A line which summarizes the relationship can be found from just knowing the means and standard deviations of the two variables and their correlation.
This line is called a "regression" line. It's called regression because the man who developed this statistical method was working with father's heights and the heights of their sons and noticed something he called "regression to the mean (or average)". Basically, he noticed that tall fathers often had sons who were average in height and short fathers often had sons who were average in height.
And that is what the regression line does -- it is going through the average of the Y-variable (the vertical axis) for a given value of the X-variable (the horizontal axis).
Handout.
The length and weight graph has a regression line drawn through it (for now, don't worry about how to draw the line or the equation, that's in Chapter 12). At each value of the length, the line is going through the average of weight for that particular value of length.
You could think of this line as the "best fitting" line between all of the points on the graph. Note that the line doesn't exactly pass through the points -- in fact, it misses most of them, but the average distances of the points from the line are minimized.
From the previous lecture: one of the properties of the correlation coefficient (r) is that it can be used to give us a rough idea of the relationship between two variables.
Values of r near +1 and -1 mean that the two variables are very closely associated. Values of r near 0 suggest that there is almost no relationship between the two.
If you look at the length vs. weight again, r is = .9460 which is suggests a very strong positive relationship between the two.
A positive value means the relationship is positive -- that is, as one variable increases so does the other. A negative value means that the relationship is negative -- as one variable increases, the other decreases.
In Chapter 10, there is another use for the correlation coefficient. For any two variables it can give you an idea of the rate of change between them.

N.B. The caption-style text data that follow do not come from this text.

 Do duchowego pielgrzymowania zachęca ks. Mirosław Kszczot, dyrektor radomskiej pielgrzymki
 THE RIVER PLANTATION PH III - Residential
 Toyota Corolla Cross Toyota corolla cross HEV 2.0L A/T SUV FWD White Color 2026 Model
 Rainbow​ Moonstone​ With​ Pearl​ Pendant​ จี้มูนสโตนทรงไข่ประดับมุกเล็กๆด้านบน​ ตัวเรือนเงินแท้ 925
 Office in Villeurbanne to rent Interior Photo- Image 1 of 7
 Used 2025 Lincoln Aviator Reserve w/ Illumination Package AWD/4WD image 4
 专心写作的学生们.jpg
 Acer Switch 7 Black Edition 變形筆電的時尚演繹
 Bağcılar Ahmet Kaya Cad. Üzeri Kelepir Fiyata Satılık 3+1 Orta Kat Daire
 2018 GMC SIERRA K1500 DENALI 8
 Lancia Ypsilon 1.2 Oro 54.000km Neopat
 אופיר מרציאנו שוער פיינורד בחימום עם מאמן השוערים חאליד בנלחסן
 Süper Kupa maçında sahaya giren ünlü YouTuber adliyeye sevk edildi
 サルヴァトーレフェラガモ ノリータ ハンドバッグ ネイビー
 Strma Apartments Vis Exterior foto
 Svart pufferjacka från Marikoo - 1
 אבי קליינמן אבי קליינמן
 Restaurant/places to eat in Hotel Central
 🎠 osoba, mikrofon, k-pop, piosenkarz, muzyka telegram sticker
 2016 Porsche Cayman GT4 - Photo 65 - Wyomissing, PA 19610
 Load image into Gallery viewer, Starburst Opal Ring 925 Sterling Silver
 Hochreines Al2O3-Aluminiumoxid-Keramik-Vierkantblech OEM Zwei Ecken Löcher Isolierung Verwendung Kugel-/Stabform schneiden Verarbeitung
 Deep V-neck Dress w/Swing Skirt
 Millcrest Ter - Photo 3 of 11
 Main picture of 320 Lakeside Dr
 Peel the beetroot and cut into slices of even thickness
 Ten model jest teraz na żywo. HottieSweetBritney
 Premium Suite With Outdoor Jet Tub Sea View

That is, for every one standard deviation increase in the X variable, we can expect a
r * standard deviation of y increase in the y variable on average.
Back to the length and weight graph, the standard deviation for the length (the X variable) is 22.266 inches. Going back to the previous idea, for a 22.266 increase in length, we can expect about a 735.225 increase in weight (the Y variable). It's
(.9460*777.1936)=735.225 where 777.1936 is the SD for the weight.
r is a measure of association and it gives you a sense of the direction of the relationship and how much change is expected in the y variable given a change in the x variable.
Suppose you work for an automobile manufacturer and its cars are going to be lengthened by 2 inches next year. How much will the weight increase?
The length's standard deviation is 22.266 inches. An increase of 2 nches is .089 SD (that is 2/22.266). To predict weight when there is going to be a .089 SD change in length, multiply the correlation coefficient, .9460 by .089, which gives .08497 -- this is the relative fraction of an SD for weight -- and then convert this SD to pounds -- .08497 * 777.1936 = 66.04 pounds and in this case -- weight is expected to increase by 66.04 for a 2 inche increase in length.
In other words...should the manufacturer increase the length of the car by 2 inches, we'd expect the weight to increase by 66.04 pounds in response.
In combination with a basic understanding of regression, the correlation coefficient can give us a sense of the amount of change which occurs between two variables.
It can also be used to predict values of Y given a value of X.